What is being asked:
Your answer must consist of the records below, reproduced exactly, with every picture removed.

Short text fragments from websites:
################
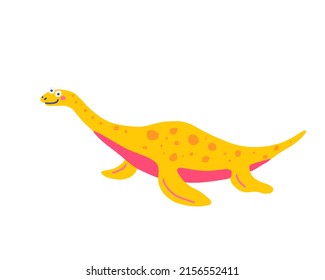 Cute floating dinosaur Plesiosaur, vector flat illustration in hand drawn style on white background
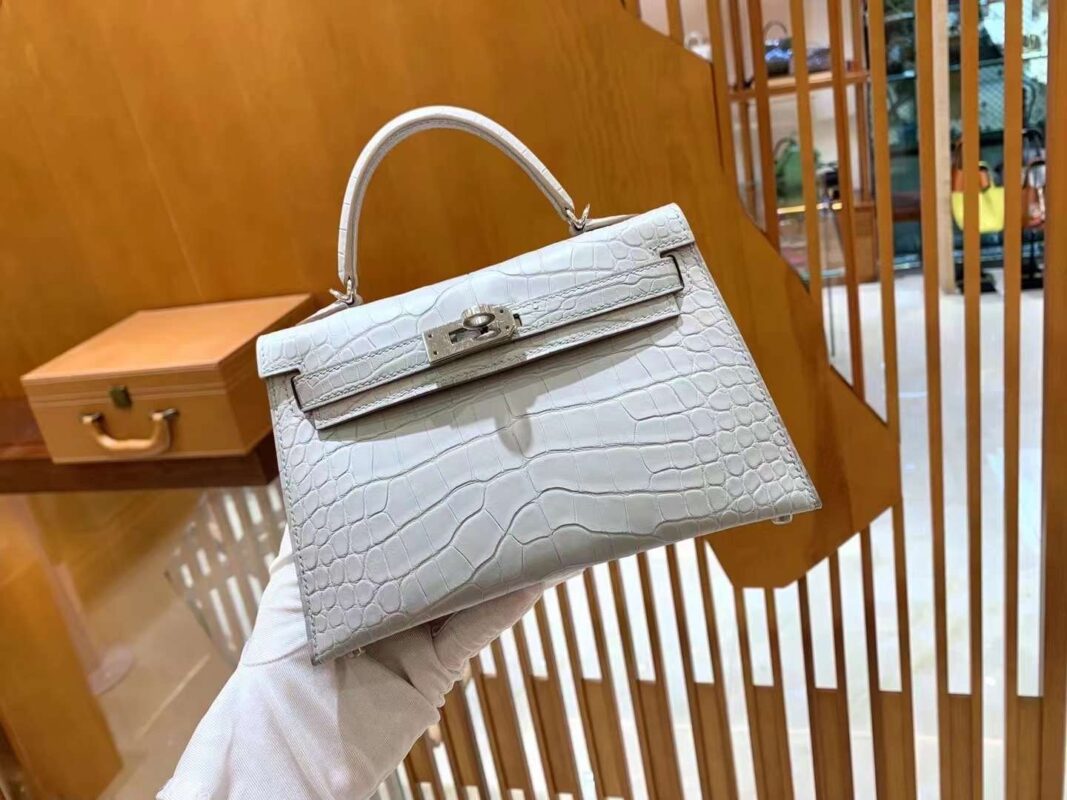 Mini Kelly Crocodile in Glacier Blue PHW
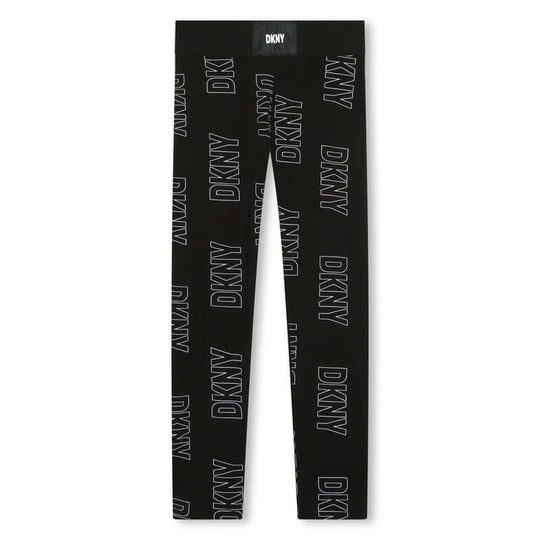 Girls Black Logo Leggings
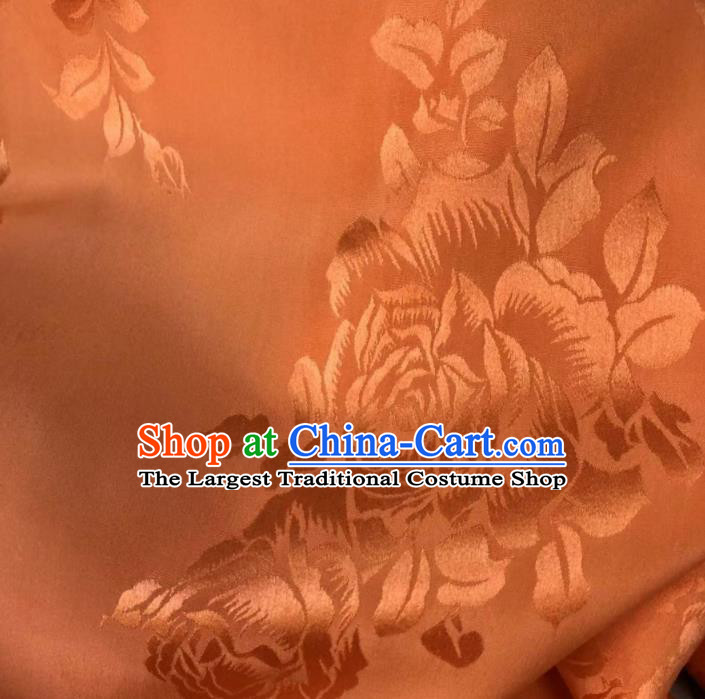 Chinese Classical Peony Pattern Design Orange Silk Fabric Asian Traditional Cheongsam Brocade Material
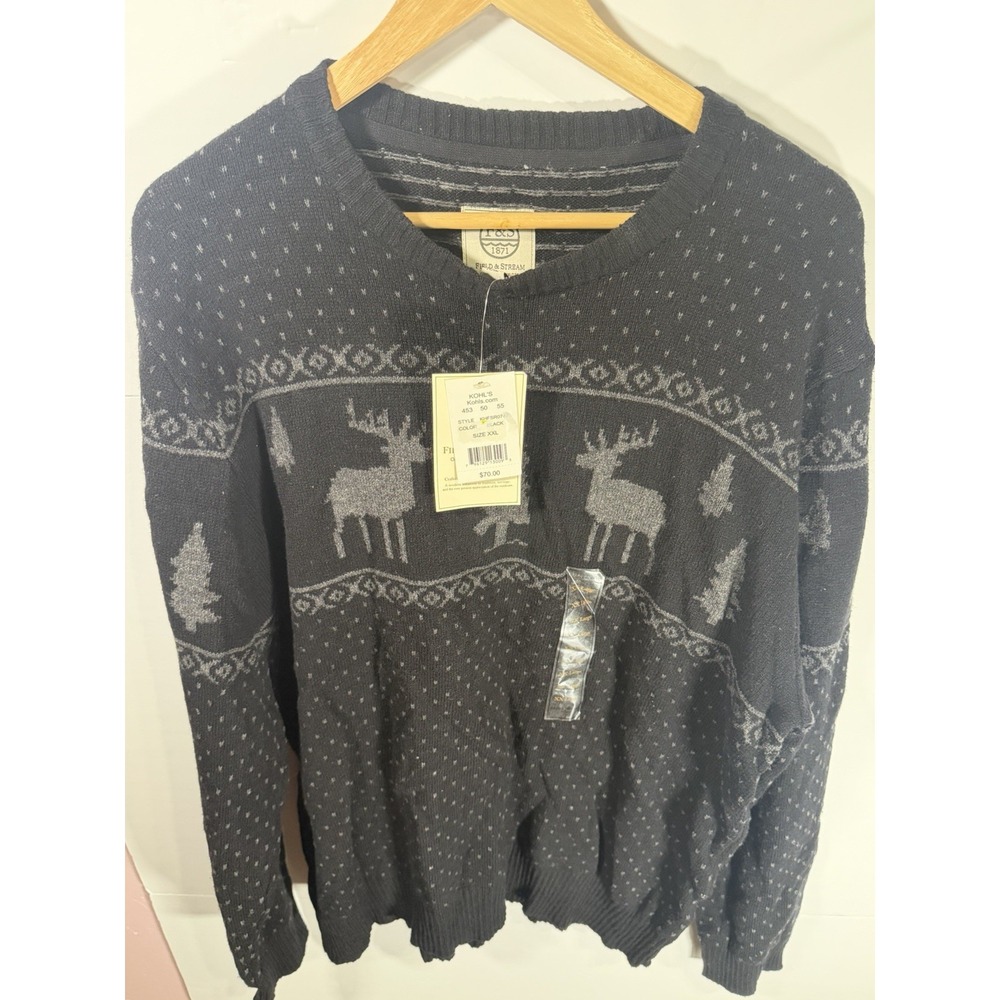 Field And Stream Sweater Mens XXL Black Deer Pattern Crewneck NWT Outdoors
################
Output:
 Cute floating dinosaur Plesiosaur, vector flat illustration in hand drawn style on white background
 Mini Kelly Crocodile in Glacier Blue PHW
 Girls Black Logo Leggings
 Chinese Classical Peony Pattern Design Orange Silk Fabric Asian Traditional Cheongsam Brocade Material
 Field And Stream Sweater Mens XXL Black Deer Pattern Crewneck NWT Outdoors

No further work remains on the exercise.